You are currently viewing Efforts to Clean Ganga Lead to Significant Increase in Gangetic Dolphin Population

Efforts to Clean Ganga Lead to Significant Increase in Gangetic Dolphin Population

By Our Correspondent

New Delhi/Lucknow, May 23: The efforts of the Uttar Pradesh (UP) government and the Namami Gange Mission directed towards cleaning the Ganga and maintaining its uninterrupted flow have led to a significant increase in the population of Gangetic dolphin in recent times. Experts have described this rise in the Gangetic dolphin population as a ‘positive environmental indicator.’

According to the Indian Wildlife Institute, there are currently about 4,000 dolphins in the Ganga and its tributaries. This indicates that the Ganga provides a favorable habitat for dolphins and that the river’s water is clean. The number of dolphins is expected to increase further in the future.

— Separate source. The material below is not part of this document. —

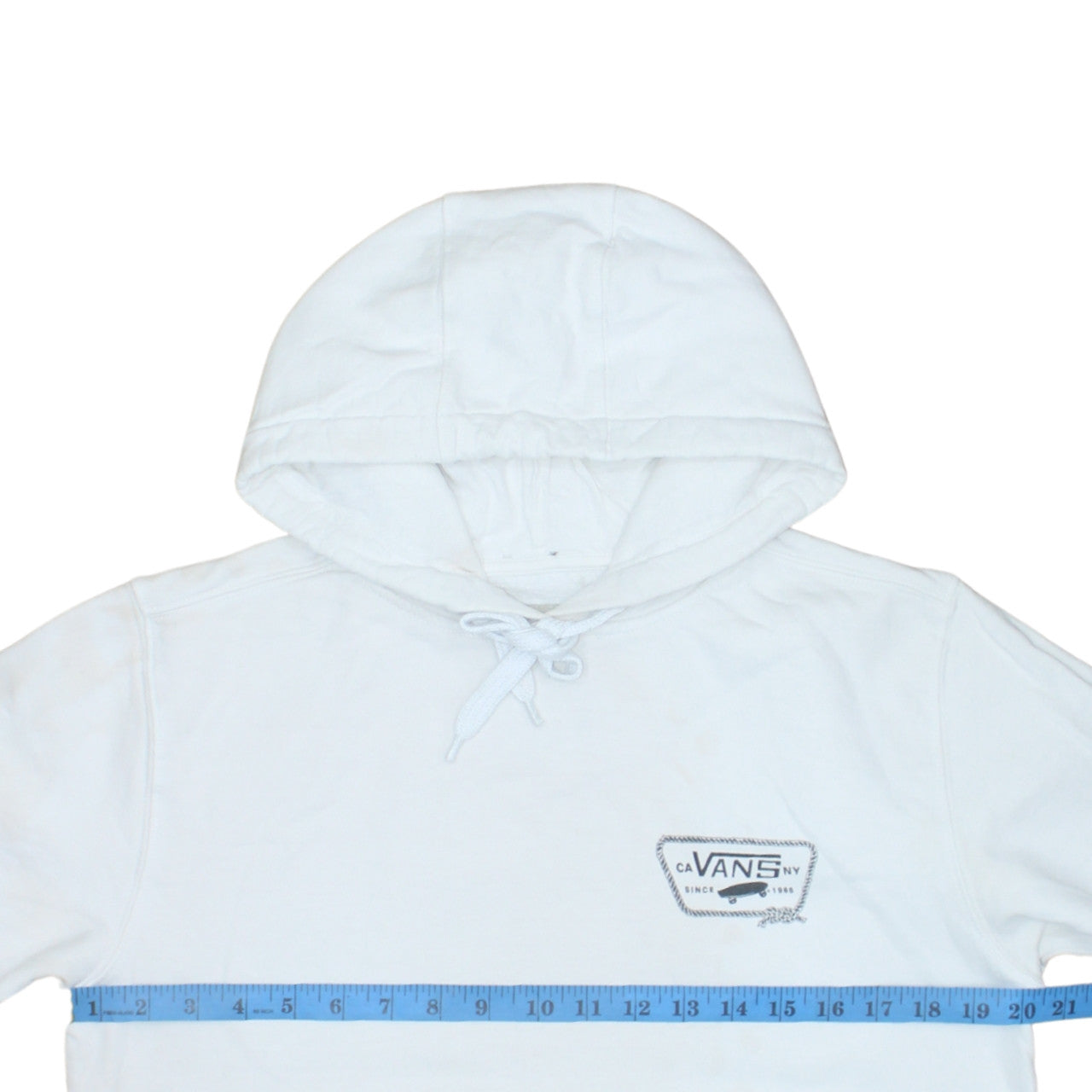 Mens UK Size S VANS White Pullover Hoodie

Estimates suggest that the number of Gangetic dolphins in Uttar Pradesh is expected to reach 2,000, which is more than half of the total Gangetic dolphins found in India. Therefore, the primary responsibility for their conservation and development also falls on UP.

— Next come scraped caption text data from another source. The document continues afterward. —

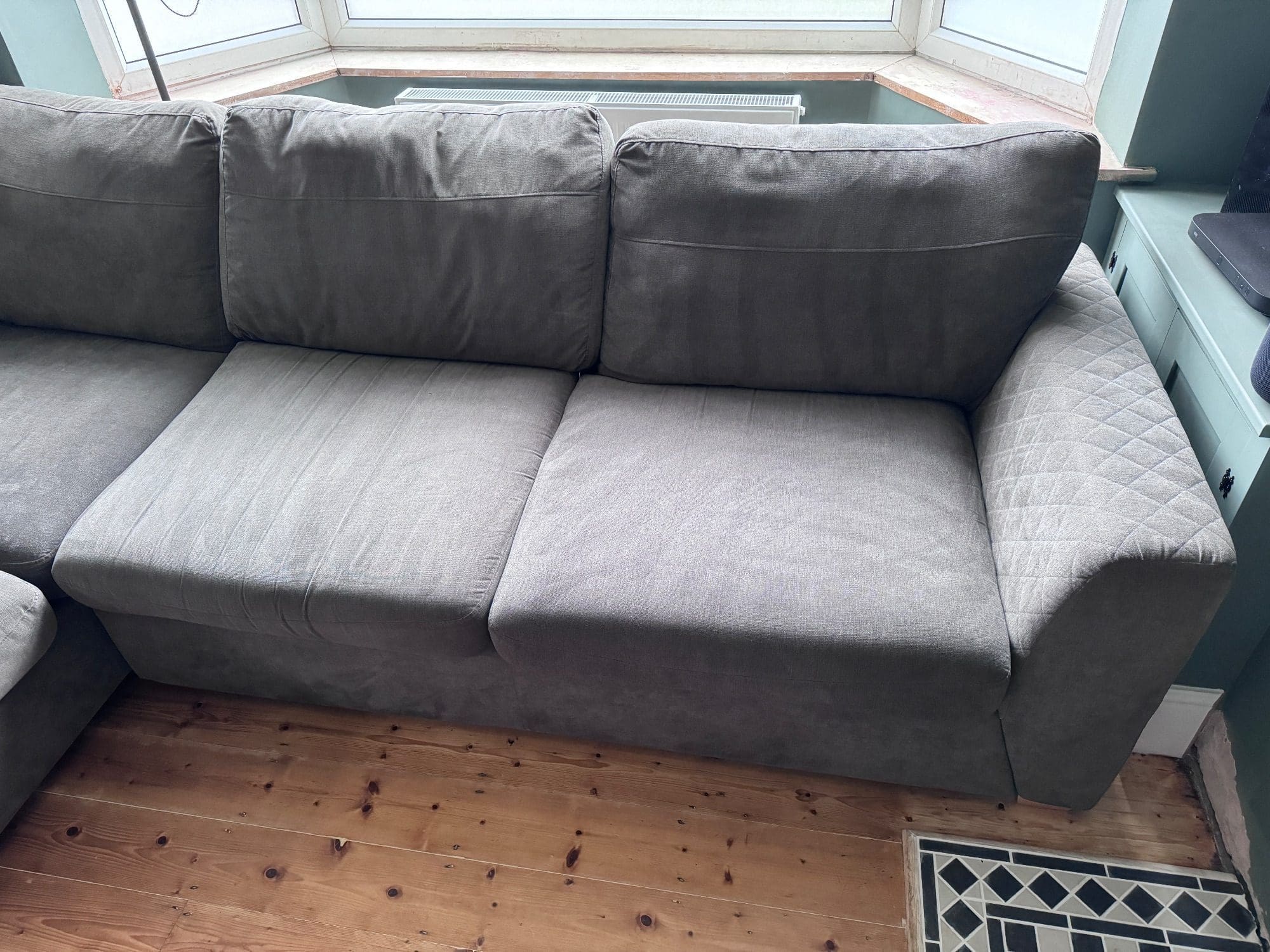 DFS Grey Left Hand Facing L-Shape Corner Sofa
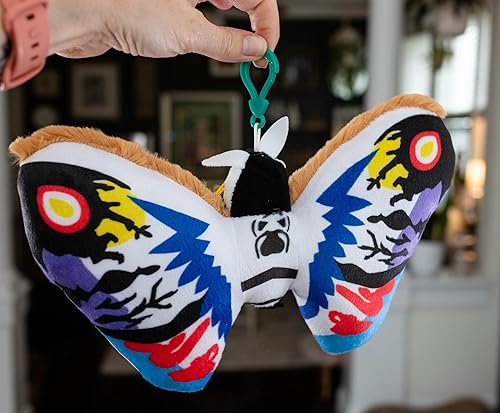 Miniatura 5 de Godzilla Mothra - Juguete de peluche de personaje de Mothra arcoíris de 10 pulgadas, lindos peluches y animales de peluche suaves, accesorios de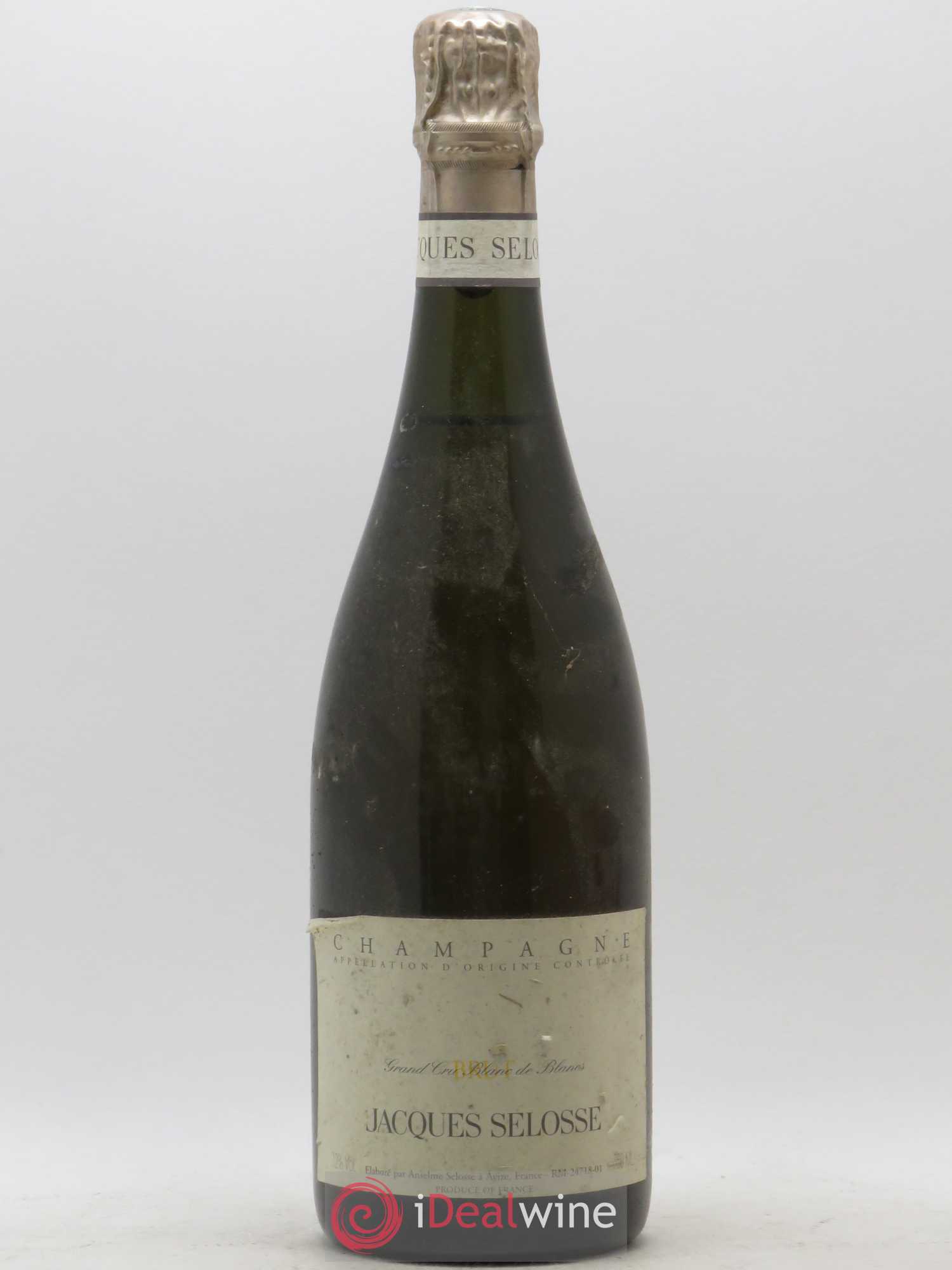 Grand Cru Blanc de Blancs Brut Jacques Selosse - Lot de 1 bouteille - 0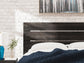 Hollivern King Panel Bed, Dresser, Mirror, Chest and Nightstand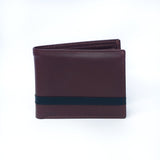 VYBE - Wallet  Brown With Black Pipping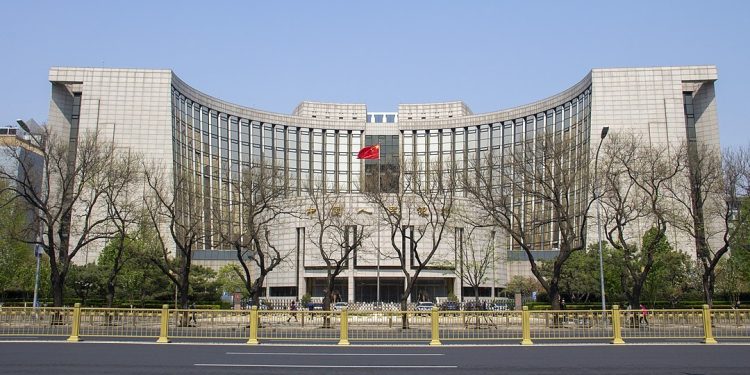 中共再掀反腐風暴 金融成下一個捶爆領域?。圖為中國人民銀行總行大樓(圖片:維基小霸王CC BY-SA 4.0)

In this regard, Uttar Pradesh has implemented a new tourism policy for the state and declared a Dolphin Sanctuary area in the Chambal Sanctuary. Currently, approximately 111 dolphins have been recorded in the Chambal region.

It is worth mentioning that since Prime Minister Modi announced Project Dolphin, public interest in this unique and rare mammal has increased. However, a significant portion of the population remains unfamiliar with this charismatic megafauna. Therefore, conserving the Gangetic dolphins will not only raise awareness about protecting this species but also enhance efforts to maintain the purity and uninterrupted flow of the Ganga.

Gangetic Dolphin

Awareness and public participation are key aspects of the Namami Gange Mission. Based on this, the goal is set to stabilize the population of Gangetic dolphins by 2030 and double the number of more endangered species. The Clean Ganga Mission has succeeded in fostering better coordination among state governments, experts, NGOs, and local people. Through pollution reduction measures, conservation of wetlands, and efforts to improve river flow under the Namami Gange project, a suitable habitat has been provided for Gangetic dolphins.

It is noteworthy that the river dolphin is a critically endangered megafauna of the Indian subcontinent. Efforts are underway to conserve it in India. These dolphins are found primarily in the Ganga and its tributaries, including the Ramganga, Yamuna, Gomti, Ghaghara, Rapti, Son, Gandak, Chambal, and Koshi.